=== MATERIALS PROVIDED ===

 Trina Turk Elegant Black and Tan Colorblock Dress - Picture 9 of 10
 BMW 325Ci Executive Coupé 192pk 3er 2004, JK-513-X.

===
=== MATERIALS PROVIDED ===

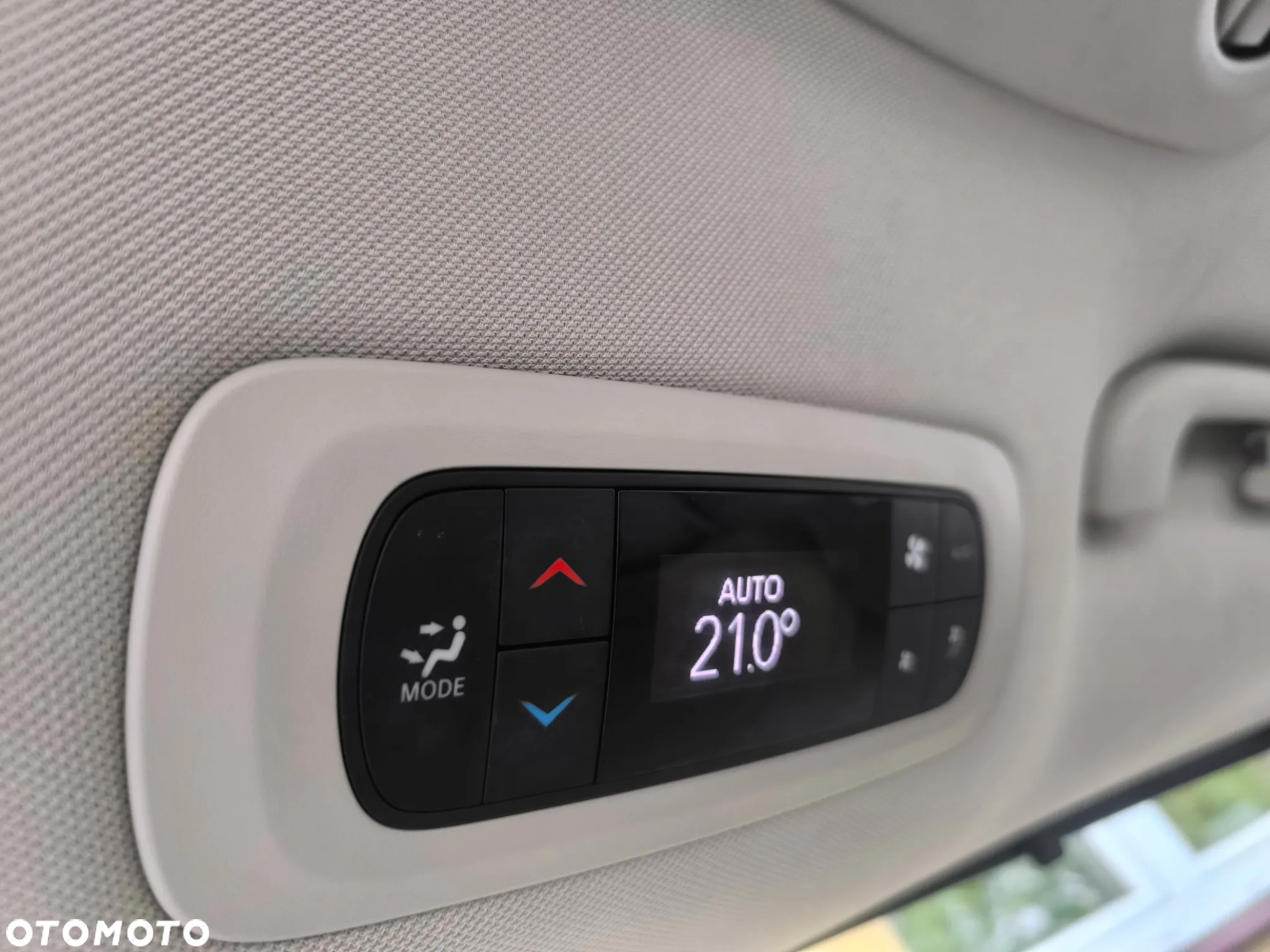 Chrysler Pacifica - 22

===

▶ [WHAT THIS TASK INVOLVES] In the entries above, one line contains "Trina Turk Elegant" and another contains "BMW 325Ci Executive". Reproduce exactly those two lines and the lines between them, nothing else.

▶ [OUTPUT OF THE EXERCISE]
 Trina Turk Elegant Black and Tan Colorblock Dress - Picture 9 of 10
 BMW 325Ci Executive Coupé 192pk 3er 2004, JK-513-X.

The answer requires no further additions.